From Michael Paquier
Subject Re: BUG #17928: Standby fails to decode WAL on termination of primary
Date
Msg-id ZNxqFgo243DOar4L@paquier.xyz
Whole thread Raw
In response to Re: BUG #17928: Standby fails to decode WAL on termination of primary  (Thomas Munro <thomas.munro@gmail.com>)
Responses Re: BUG #17928: Standby fails to decode WAL on termination of primary
List pgsql-bugs
On Wed, Aug 16, 2023 at 03:29:49PM +1200, Thomas Munro wrote:
> I hacked on this idea for quite a long time yesterday and today and
> came up with a set of tests for the main end-of-WAL conditions:
>
> ▶ 1/1 - xl_tot_len zero                                  OK
> ▶ 1/1 - xl_tot_len short                                 OK
> ▶ 1/1 - xl_prev bad                                      OK
> ▶ 1/1 - xl_crc bad                                       OK
> ▶ 1/1 - xlp_magic zero                                   OK
> ▶ 1/1 - xlp_magic bad                                    OK
> ▶ 1/1 - xlp_pageaddr bad                                 OK
> ▶ 1/1 - xlp_info bad                                     OK
> ▶ 1/1 - xlp_info lacks XLP_FIRST_IS_CONTRECORD           OK
> ▶ 1/1 - xlp_rem_len bad                                  OK
> ▶ 1/1 - xlp_magic zero (split record header)             OK
> ▶ 1/1 - xlp_pageaddr bad (split record header)           OK
> ▶ 1/1 - xlp_rem_len bad (split record header)            OK
> 1/1 postgresql:recovery / recovery/038_end_of_wal        OK
>     5.79s   13 subtests passed

Nice.

> It took me a while to come up with a workable way to get into the
> record-header-splitting zone.  Based on some of your clues about
> flushing, I eventually realised I needed transactional messages, and I
> built a kind of self-calibrating Rube Goldberg function around that.
> It's terrible, and I'm sure we can do better.
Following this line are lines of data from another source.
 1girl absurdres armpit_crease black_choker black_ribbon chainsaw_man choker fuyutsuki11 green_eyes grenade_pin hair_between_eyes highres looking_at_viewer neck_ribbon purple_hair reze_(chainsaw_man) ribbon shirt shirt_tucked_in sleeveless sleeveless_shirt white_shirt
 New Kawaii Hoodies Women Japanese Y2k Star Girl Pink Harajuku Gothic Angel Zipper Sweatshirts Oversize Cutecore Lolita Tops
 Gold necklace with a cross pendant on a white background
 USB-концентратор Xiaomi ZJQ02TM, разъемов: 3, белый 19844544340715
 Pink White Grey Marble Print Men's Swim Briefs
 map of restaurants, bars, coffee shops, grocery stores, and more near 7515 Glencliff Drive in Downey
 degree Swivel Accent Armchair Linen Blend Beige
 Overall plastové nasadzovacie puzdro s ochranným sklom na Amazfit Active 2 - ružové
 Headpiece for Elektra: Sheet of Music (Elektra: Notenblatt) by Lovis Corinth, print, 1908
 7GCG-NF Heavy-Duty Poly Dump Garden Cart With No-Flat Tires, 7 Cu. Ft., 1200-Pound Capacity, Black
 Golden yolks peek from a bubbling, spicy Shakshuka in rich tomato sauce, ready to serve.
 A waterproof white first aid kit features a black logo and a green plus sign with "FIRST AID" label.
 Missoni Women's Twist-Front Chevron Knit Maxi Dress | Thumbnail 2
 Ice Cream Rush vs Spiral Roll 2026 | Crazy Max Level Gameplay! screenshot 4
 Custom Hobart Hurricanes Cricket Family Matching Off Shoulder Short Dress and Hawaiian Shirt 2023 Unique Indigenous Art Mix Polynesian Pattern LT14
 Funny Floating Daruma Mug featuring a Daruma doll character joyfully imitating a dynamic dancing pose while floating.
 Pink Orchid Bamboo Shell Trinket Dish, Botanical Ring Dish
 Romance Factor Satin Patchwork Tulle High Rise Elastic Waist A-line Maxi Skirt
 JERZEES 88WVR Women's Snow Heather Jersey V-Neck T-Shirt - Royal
So that's advance_to_record_splitting_zone(), with the idea to loop
across multiple records.  The use of transactional messages ensures
the flush and the stability of the test when the server is stopped,
but it makes the records a bit longer than the non-transactional
messages.

> I wonder what people think about putting internal details of the WAL
> format into a Perl test like this.  Obviously it requires maintenance,
> since it knows the size and layout of a few things.  I guess it'd be
> allowed to fish a couple of those numbers out of the source.

The format of the WAL header does not change a lot across the years,
so I'd be OK with that.  If that's an issue, the scope of the test
could always be restricted a bit.

> Work in progress...  I'm sure more useful checks could be added.  One
> thing that occurred to me while thinking about all this it that the
> 'treat malloc failure as end of WAL' thing you highlighted in another
> thread is indeed completely bananas -- I didn't go digging, but
> perhaps it was an earlier solution to the very same garbage xl_tot_len
> problem, before 70b4f82a4b5 and now this xl_rem_len-based solution?

It is bananas.  Still, the problem of the other thread is similar to
what's here, and different at the same time because it can happen with
a valid record if the host is under memory pressure, and we should
still allow a standby to loop and continue in this case.  Perhaps also
a startup process doing only crash recovery.  This thread's problem is
dependent on this one, which is why this one needs to happen first: we
need to clarify the boundary between a real OOM and garbage indicating
the end of WAL.

+my $RECORD_HEADER_SIZE = 24;
+my $XLP_PAGE_MAGIC = 0xd113;
+my $XLP_FIRST_IS_CONTRECORD = 0x1;

This could use something like check_pg_config() to find the header
contents for the last two ones, but there's no easy way to extract the
size of the header struct, is there?  Or perhaps perl has a tool for
that..  Anything I can read on the matter tells to use pack() to make
the size estimations predictible.

+   my $page_offset = $end_lsn % $WAL_BLOCK_SIZE;
+   while ($page_offset >= $WAL_BLOCK_SIZE - 2000)
+   {
+       $end_lsn = emit_message($node, 2000)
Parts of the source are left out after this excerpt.